(TASK DETAILS)
Within the entries below, please return exactly the lines from the one with "Kitchen featuring wood" through the one with "Clothing store interior", leaving out any pictures.

========

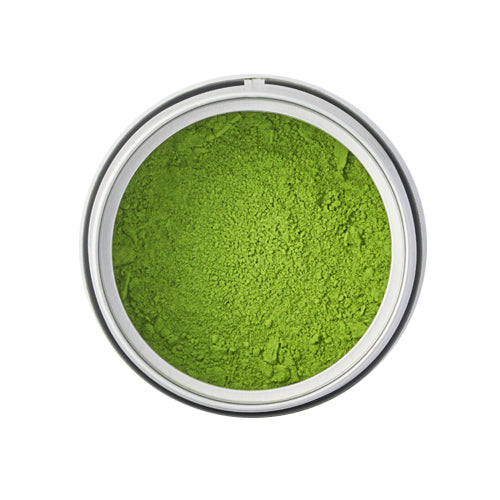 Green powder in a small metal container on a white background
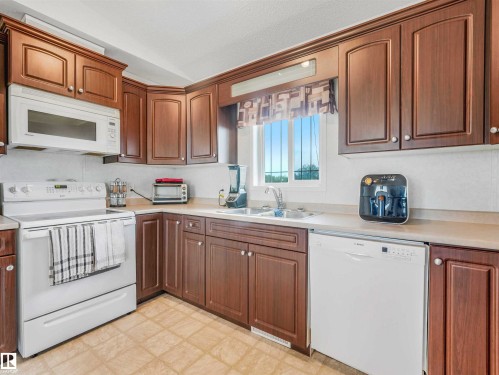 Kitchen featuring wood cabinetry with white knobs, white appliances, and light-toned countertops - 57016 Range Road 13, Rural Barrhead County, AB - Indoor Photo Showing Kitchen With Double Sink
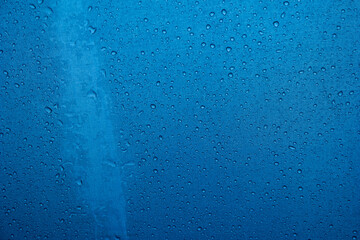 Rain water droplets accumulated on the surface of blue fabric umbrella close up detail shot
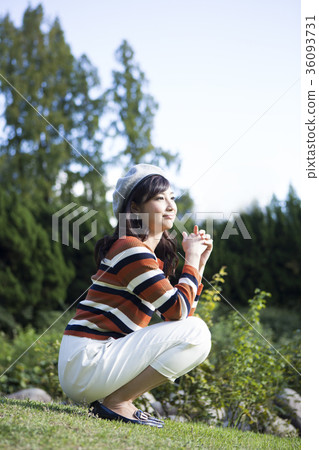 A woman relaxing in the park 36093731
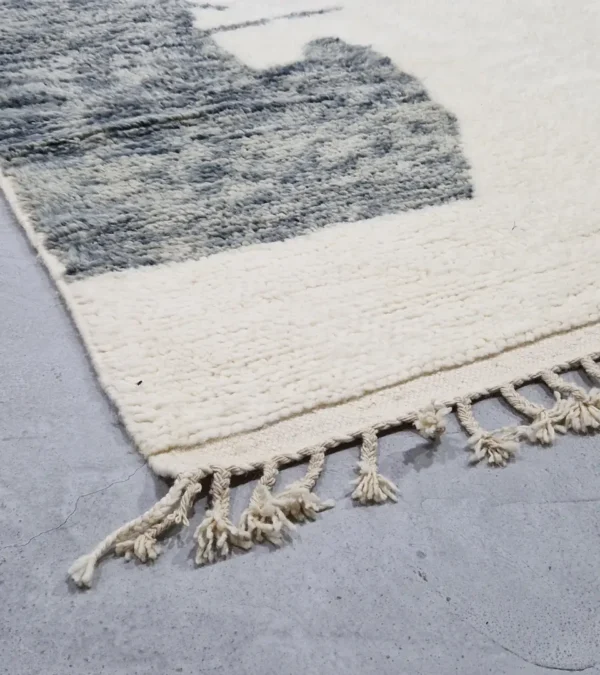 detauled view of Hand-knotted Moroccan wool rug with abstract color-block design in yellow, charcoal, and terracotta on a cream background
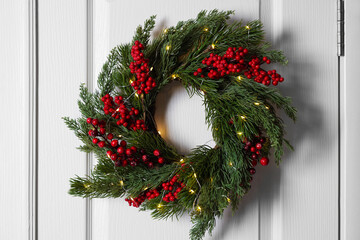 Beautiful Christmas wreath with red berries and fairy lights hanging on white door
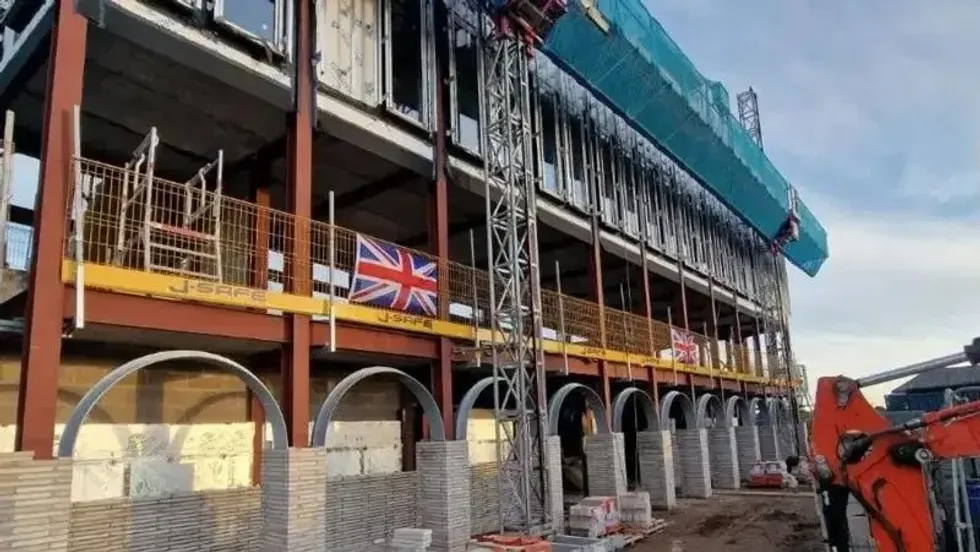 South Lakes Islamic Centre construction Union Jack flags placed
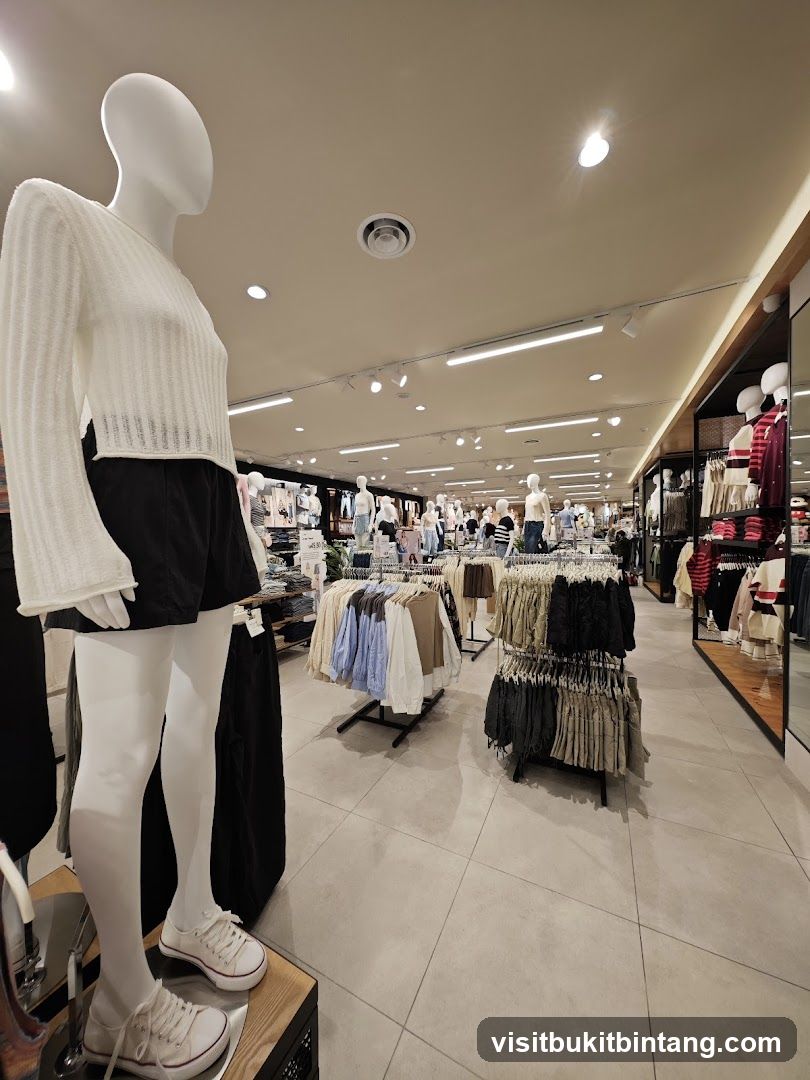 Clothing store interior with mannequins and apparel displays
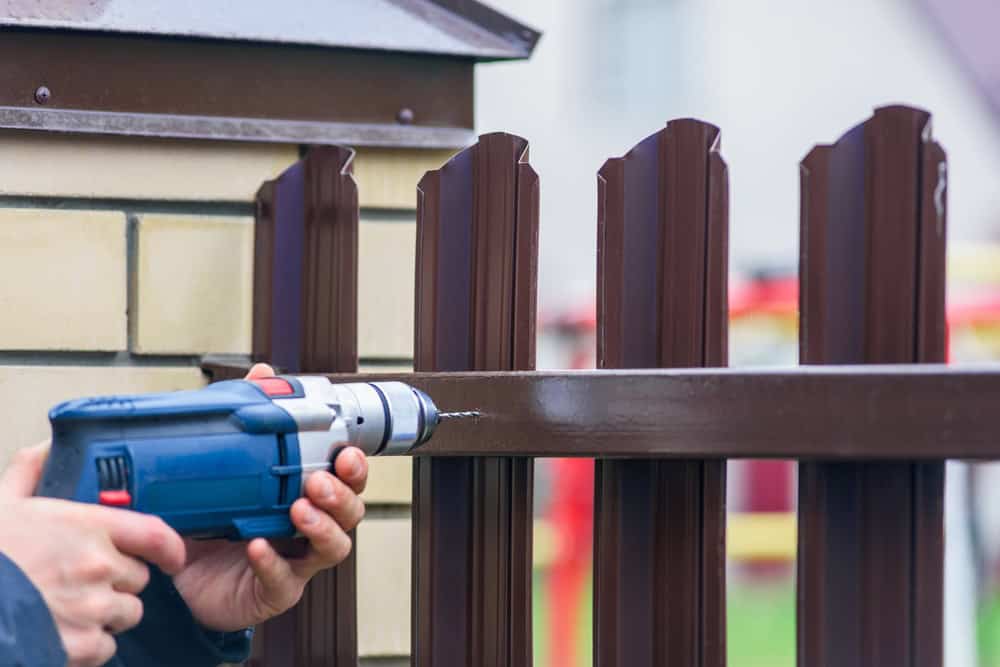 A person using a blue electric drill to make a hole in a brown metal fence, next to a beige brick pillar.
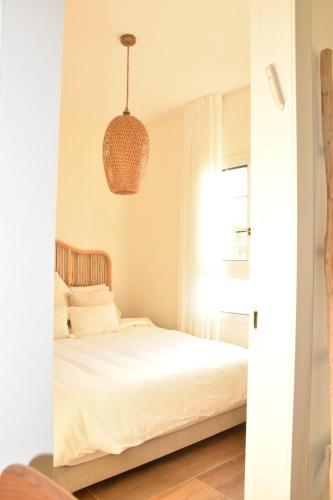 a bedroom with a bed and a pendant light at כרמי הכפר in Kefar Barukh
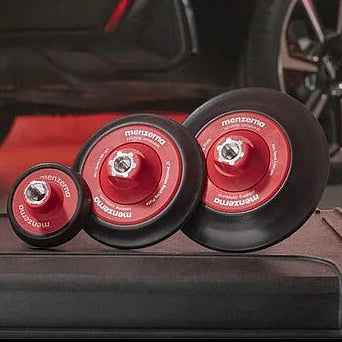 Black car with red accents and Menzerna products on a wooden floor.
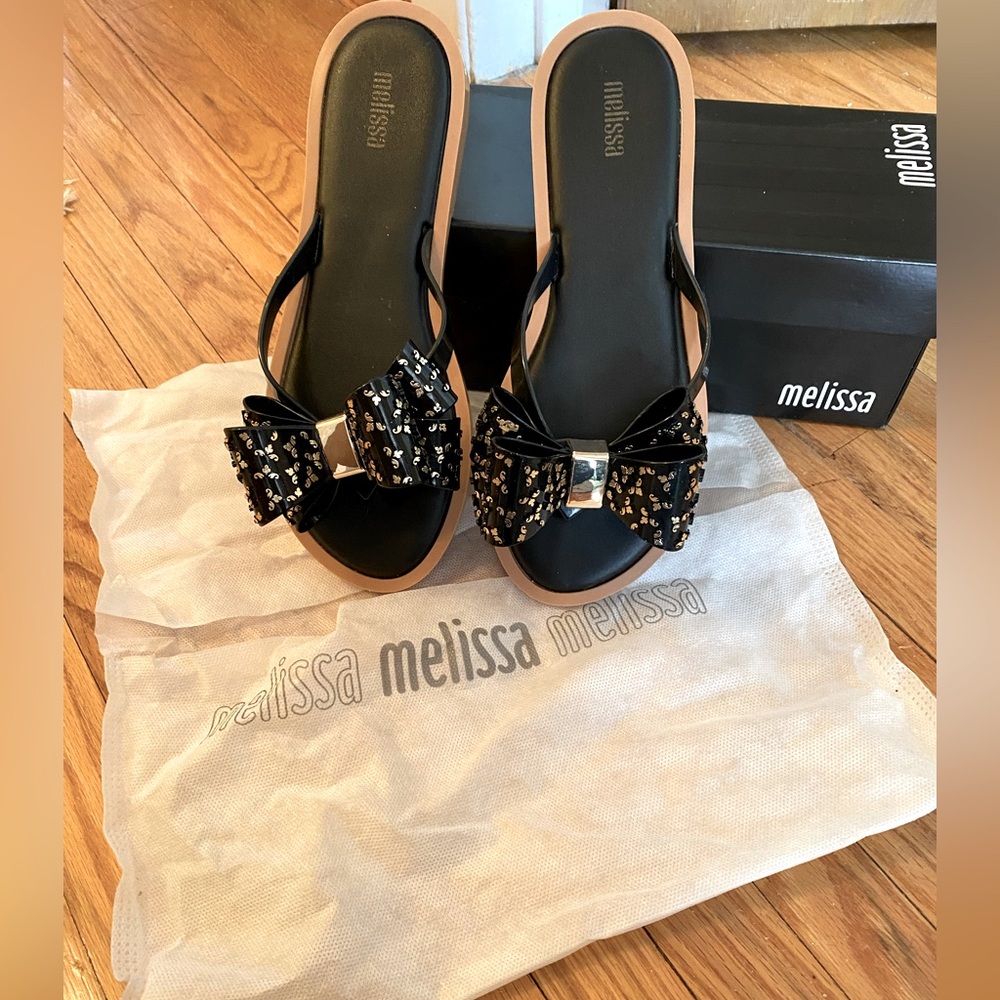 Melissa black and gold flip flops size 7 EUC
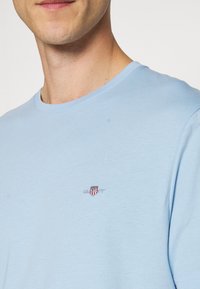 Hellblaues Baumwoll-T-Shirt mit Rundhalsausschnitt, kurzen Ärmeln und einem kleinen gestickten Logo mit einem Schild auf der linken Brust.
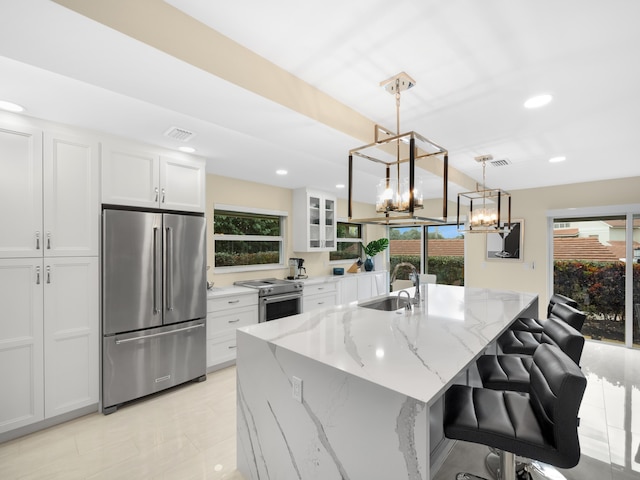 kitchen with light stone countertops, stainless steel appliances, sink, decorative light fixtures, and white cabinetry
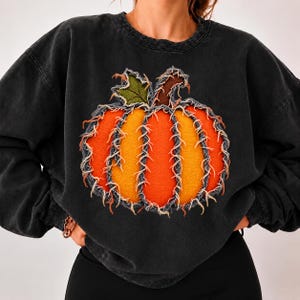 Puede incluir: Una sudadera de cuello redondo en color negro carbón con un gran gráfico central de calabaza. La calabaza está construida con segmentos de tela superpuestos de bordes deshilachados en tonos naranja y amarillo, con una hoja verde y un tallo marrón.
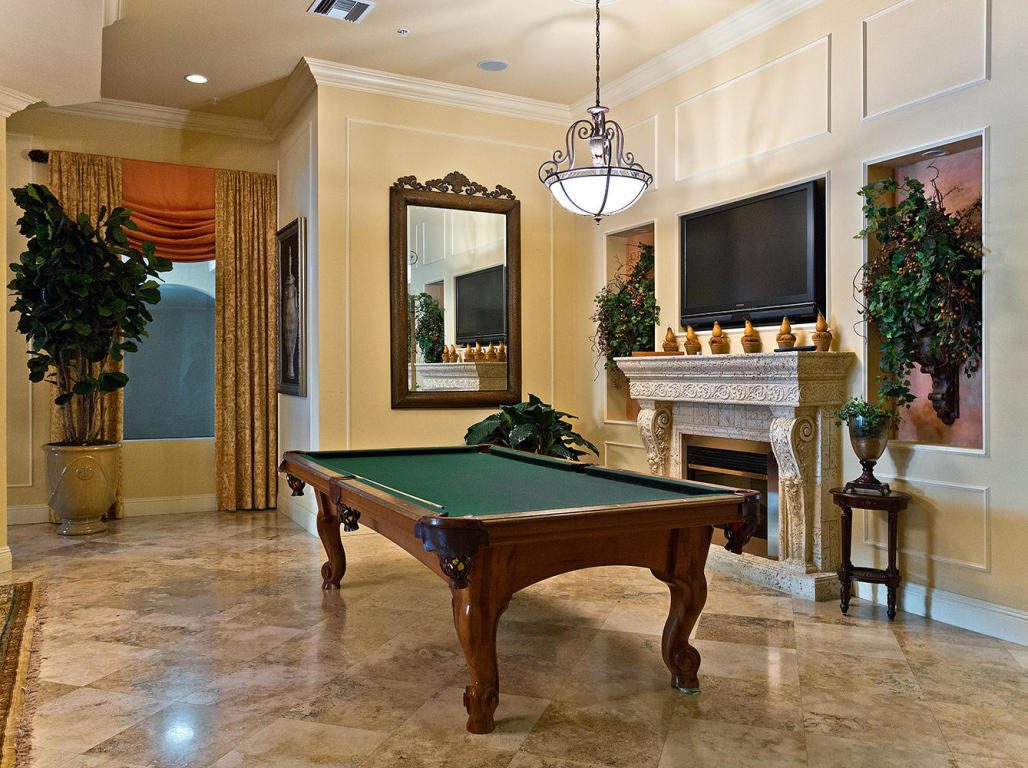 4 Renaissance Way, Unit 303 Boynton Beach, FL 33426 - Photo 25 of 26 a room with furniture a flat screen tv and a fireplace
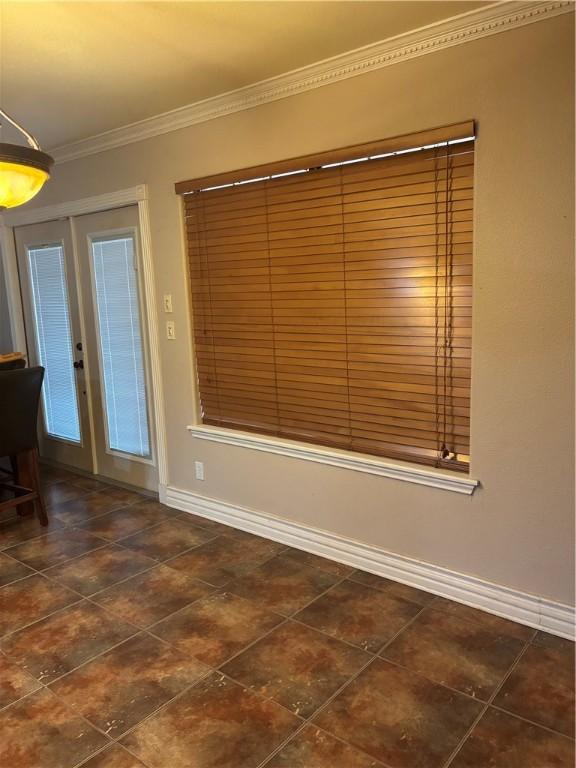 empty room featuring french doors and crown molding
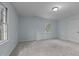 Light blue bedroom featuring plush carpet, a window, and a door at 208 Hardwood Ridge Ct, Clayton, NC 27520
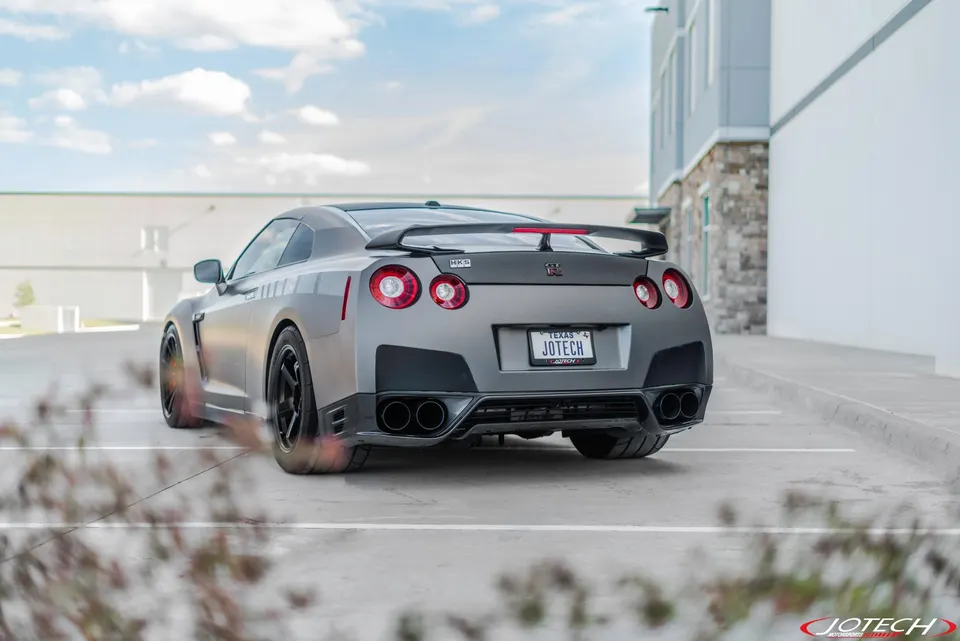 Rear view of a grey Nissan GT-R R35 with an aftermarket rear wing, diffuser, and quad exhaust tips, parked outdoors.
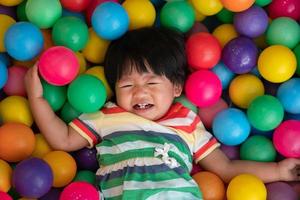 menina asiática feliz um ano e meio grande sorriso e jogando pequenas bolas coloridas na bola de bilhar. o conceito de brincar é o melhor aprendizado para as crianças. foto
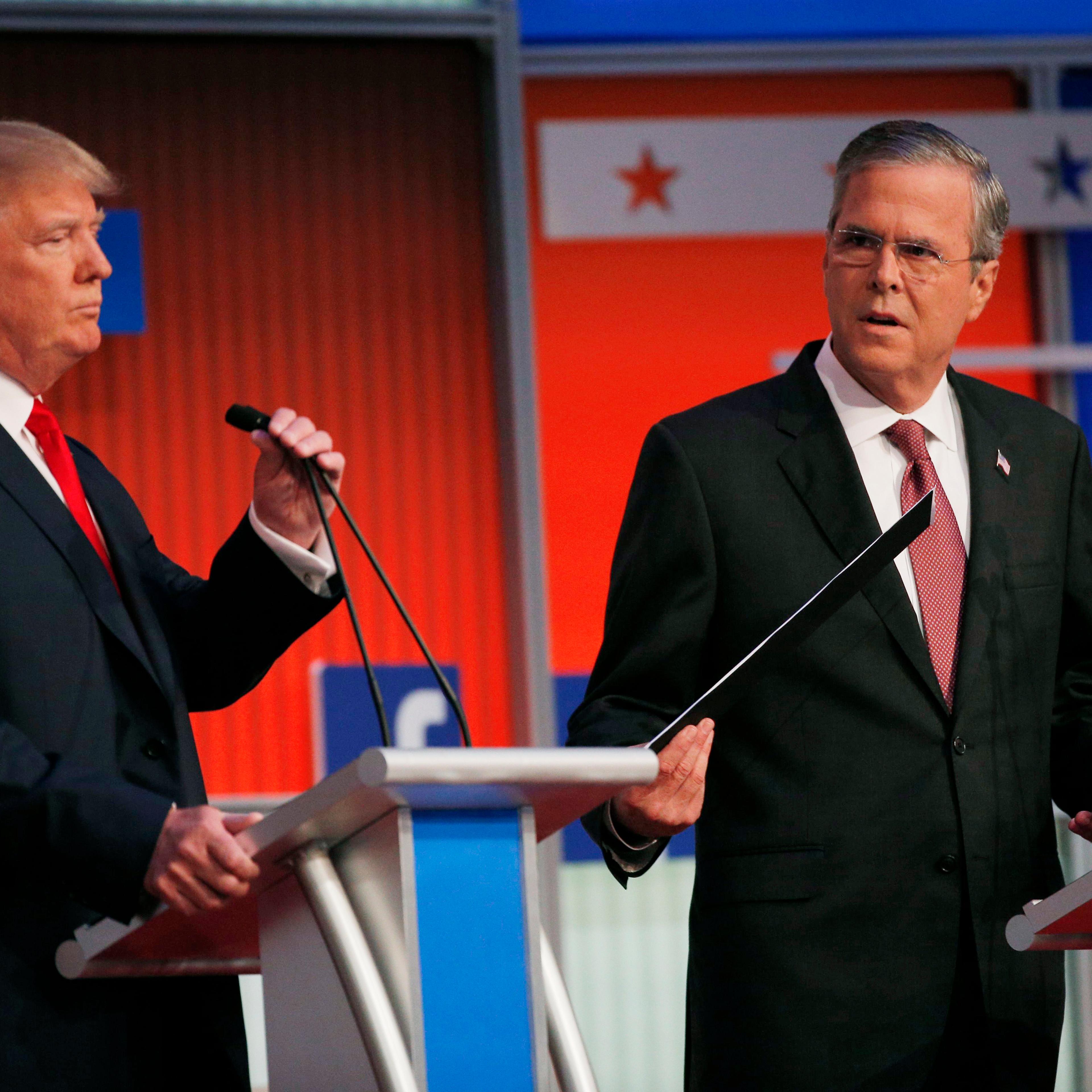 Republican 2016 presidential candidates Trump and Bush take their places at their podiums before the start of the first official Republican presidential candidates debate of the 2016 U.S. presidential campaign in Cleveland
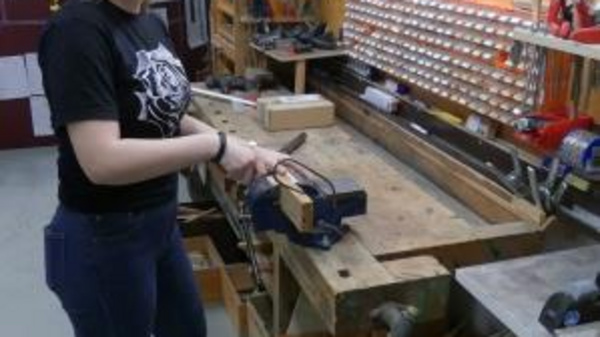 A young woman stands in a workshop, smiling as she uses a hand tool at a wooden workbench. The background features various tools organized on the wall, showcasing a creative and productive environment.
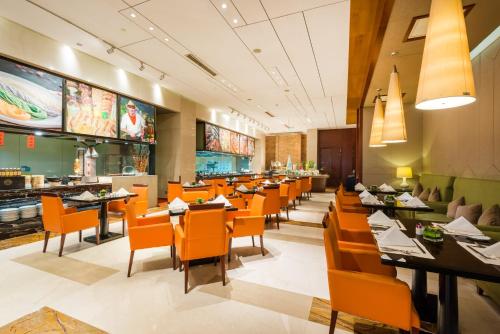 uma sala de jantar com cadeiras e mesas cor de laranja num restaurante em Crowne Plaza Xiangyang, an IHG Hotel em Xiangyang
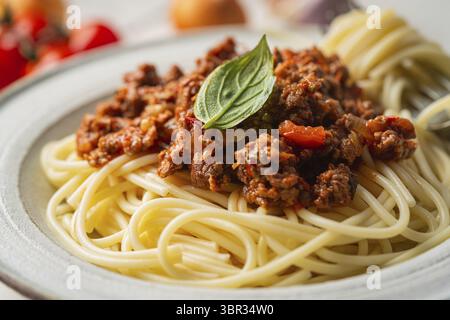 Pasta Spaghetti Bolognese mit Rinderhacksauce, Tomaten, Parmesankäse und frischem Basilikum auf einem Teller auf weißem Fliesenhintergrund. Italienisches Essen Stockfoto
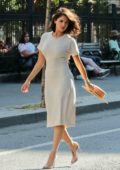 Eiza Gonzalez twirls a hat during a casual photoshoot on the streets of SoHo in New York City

========

(COMPLETED EXERCISE)
 Kitchen featuring wood cabinetry with white knobs, white appliances, and light-toned countertops - 57016 Range Road 13, Rural Barrhead County, AB - Indoor Photo Showing Kitchen With Double Sink
 Rain water droplets accumulated on the surface of blue fabric umbrella close up detail shot
 A woman relaxing in the park 36093731
 detauled view of Hand-knotted Moroccan wool rug with abstract color-block design in yellow, charcoal, and terracotta on a cream background
 Beautiful Christmas wreath with red berries and fairy lights hanging on white door
 South Lakes Islamic Centre construction Union Jack flags placed
 Clothing store interior with mannequins and apparel displays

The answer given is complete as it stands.